Page MenuHomePhabricator

Re-create poolcounter instance in Beta Cluster (deployment-prep)
Closed, ResolvedPublic

Description

Background

poolcounter05 and poolcounter06.deployment-prep.eqiad1.wikimedia.cloud were shutdown in T370458: Remove or replace poolcounter06.deployment-prep.eqiad1.wikimedia.cloud (Buster deprecation) despite being used actively used by MediaWiki and Thumbor.

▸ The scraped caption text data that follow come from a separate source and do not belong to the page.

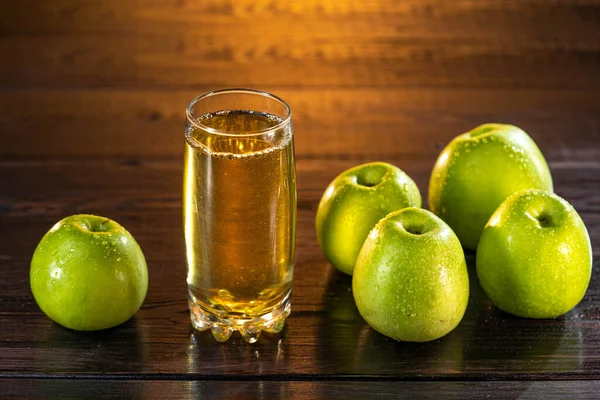 Un vaso de jugo de manzana con manzanas verdes en el fondo del atardecer. Bonita mesa de madera. Día de verano. Buen humor.. — Foto de Stock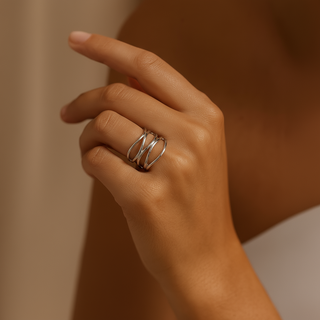 Hand wearing a silver ring with a plain background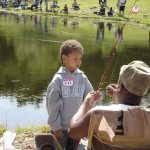 A young boy watches an older man fish by a pond in a park.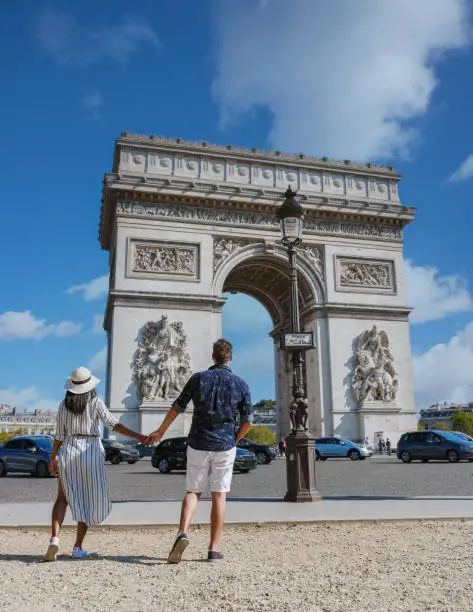 Couple on a citytrip in Paris visiting Avenue des Champs Elysees Paris France Arc De Triomphe. Men and women visiting Arc de Triomphe in Paris during summer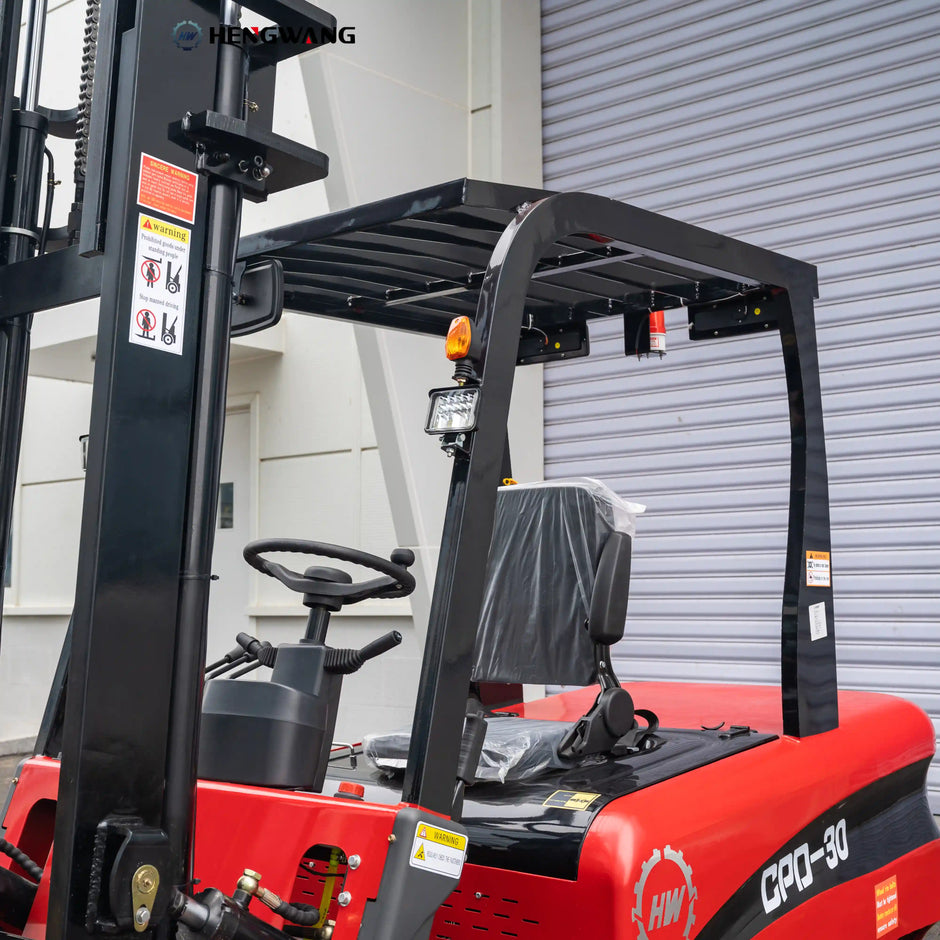 Close-up of the black overhead safety guard on a 6,500 lb 60V electric forklift, showing steel roof frame, amber warning beacon, LED work light, and operator compartment with steering wheel and vinyl seat.
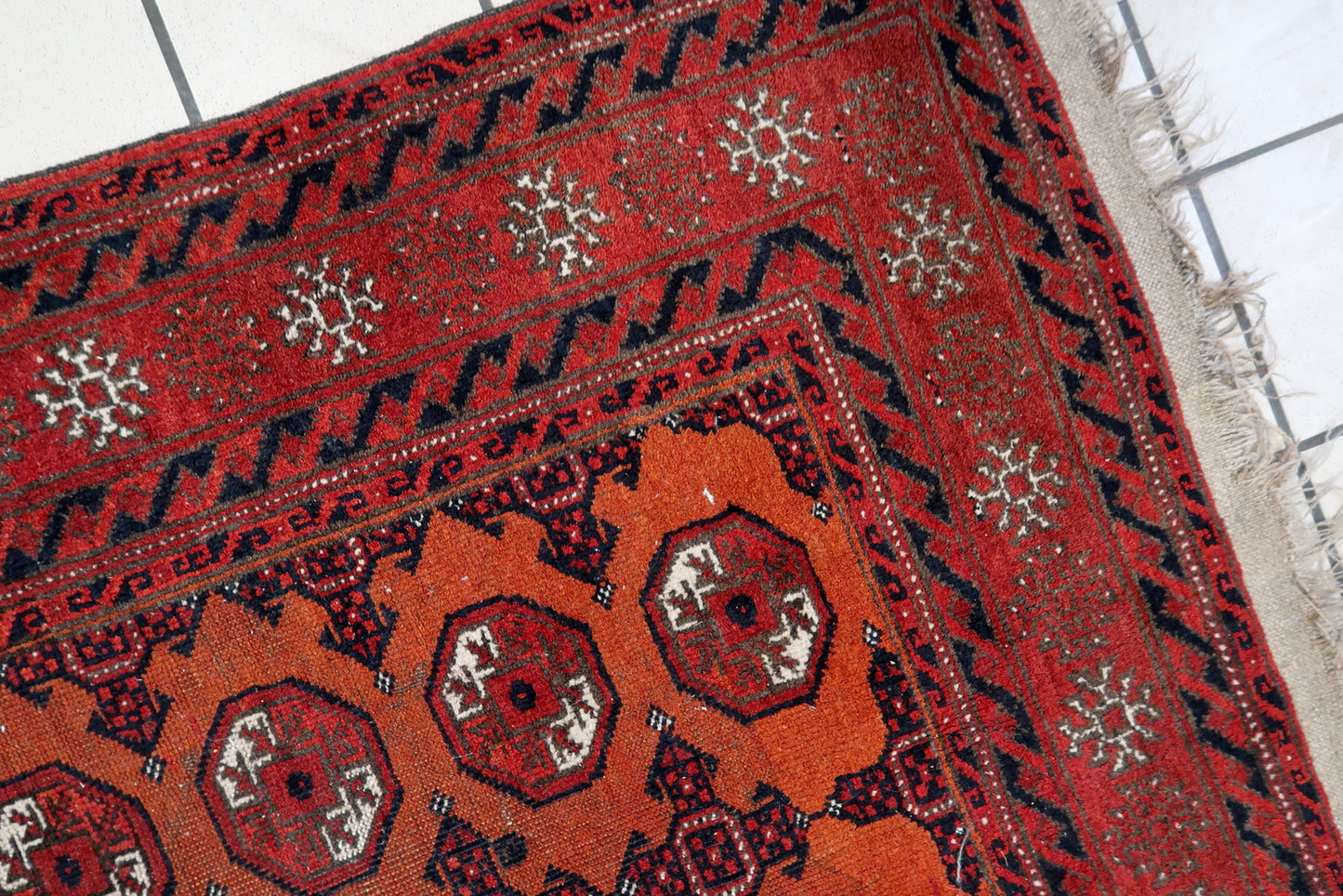 Close-up of compact size on Handmade Antique Afghan Baluch Rug - Detailed view showcasing the rug's compact size, suitable for various spaces.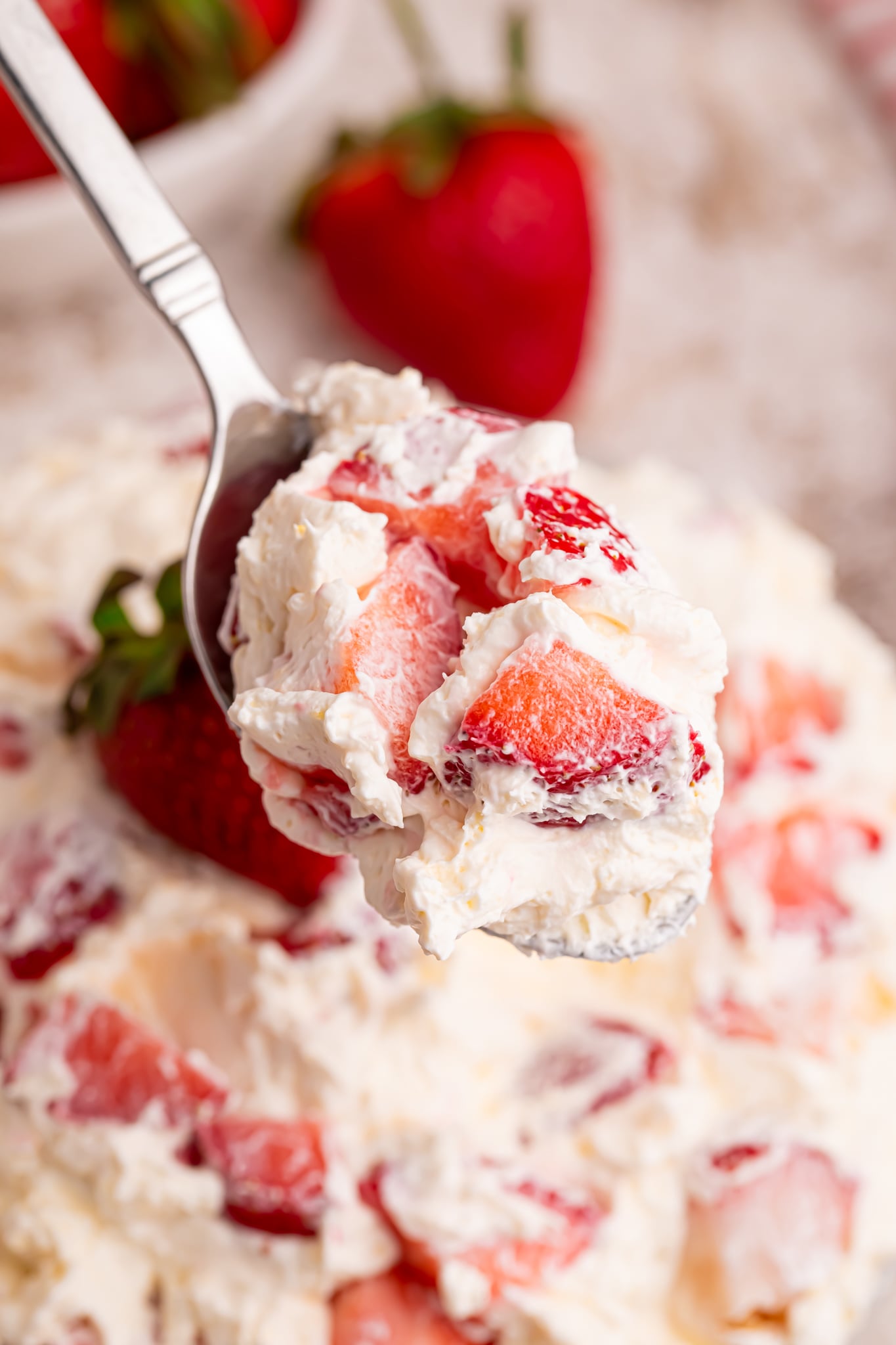 view of the strawberry cheesecake salad bite on a spoon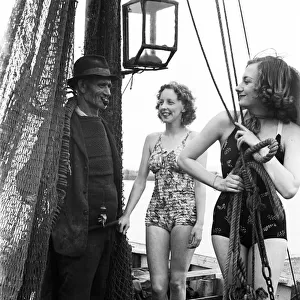 Women in their bathing costumes with a fisherman, along the coast, Hastings, circa 1945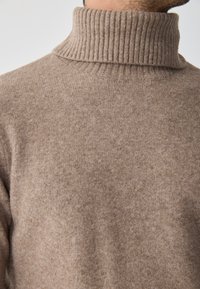 Bézs garbó pulóver, puha kötött anyagból készült. Bordás gallérral és sima, texturált testtel rendelkezik. Egyszerű, klasszikus dizájn.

https://codesearch.wmcloud.org/search/?q=deployment-poolcounter

deployment-prep/deployment-imagescaler.yaml
thumbor::poolcounter_server: deployment-poolcounter05.deployment-prep.eqiad.wmflabs
wmf-config/LabsServices.php
		'poolcounter' => [
			'deployment-poolcounter06.deployment-prep.eqiad.wmflabs',
		],

Found this from T332015 and a simple question on my side is, does anyone know why this VM needs to exist? Aside from "this is how it is in production", […], isn't a very good answer.

It's not so much existing, as behaving making services behave substantially different. Eg. MediaWiki with and without serving stale content and coellescing Parser invocations, and MW CirrusSearch with and without throttle, and Thumbor (or MW image scaling) with or without throttling.

I imagine this is likely causing logspam at the moment, making it harder to diagnose other issues.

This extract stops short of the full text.